The settlement of Banchory-Ternan, or Banchory as it is known today, began to grow in the fifth to sixth century AD when a Christian College was founded by St Ternan on the banks of the River Dee close to the present day graveyard. St Ternan was a pict who converted to Christianity and travelled Europe before founding the college or "Banchor". Here he taught both religion and the latest farming techniques learnt on his travels. Remains of Celtic foundations can be seen in a number of carved stones close by the old graveyard.
The importance of the college can be gauged by the number of saints who have a connection with the area - St Machar; St Arnaud; St Duthac; St Nathalan; St Erchard; St Nidan; St Devenick and St Congol.
The relics were lost after the Reformation but were recorded as being St Ternan's bell (ronnecht), his copy of the gospels kept in a gold and silver box (cumdach) and his scalp or tonsure where he would have been anointed and blessed as a missionary.
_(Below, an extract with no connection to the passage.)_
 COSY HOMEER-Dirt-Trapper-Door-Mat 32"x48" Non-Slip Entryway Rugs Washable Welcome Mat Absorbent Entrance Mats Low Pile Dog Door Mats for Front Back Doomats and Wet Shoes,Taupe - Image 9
A bell, discovered when the Deeside Railway was being constructed in the nineteenth century in the Bellfield park, is thought to be similar to a Saint's bell or "Ronnecht" and can be seen in the East Church.
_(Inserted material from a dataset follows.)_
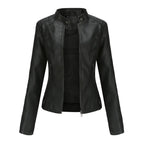 MunaWear - Leather Jackets - Liora - Stylish Quilted Jacket For Women With Biker Design For Casual And Night Out - Black / 3XL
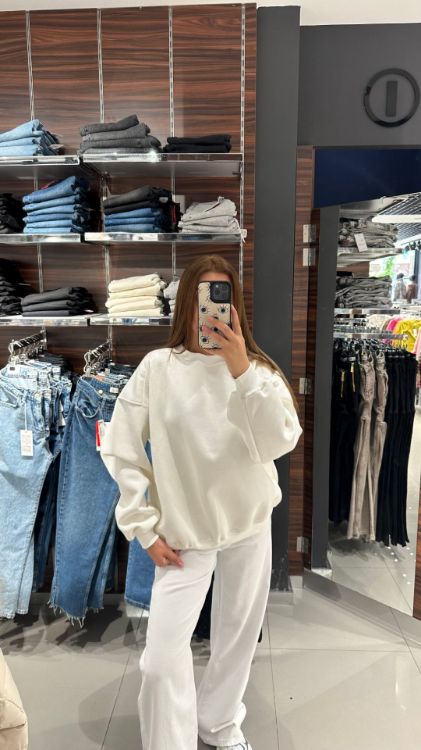 Bisiklet Yaka Polarlı Sweat-Beyaz 3408 resmi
On the 12th of June each year a Fair was held in the Saint's honour. This was particularly popular in medieval times as it was one of the few holidays that workers enjoyed. They paraded St Ternan's relics around the church. The market cross, which originally stood on the site of the annual fairground, now stands in the grounds of the East Church. Banchory continues to hold St Ternan's Fair in early June each year to commemorate St Ternan.
In the medieval period there were many struggles between local warlords who operated from the tower houses located on river banks at Strachan, Tilquhilie, Durris, Cluny-Crighton and Banchory. The area also found itself in the midst of national battles including Macbeth at Lumphanan and Mary Queen of Scots at Corrichie.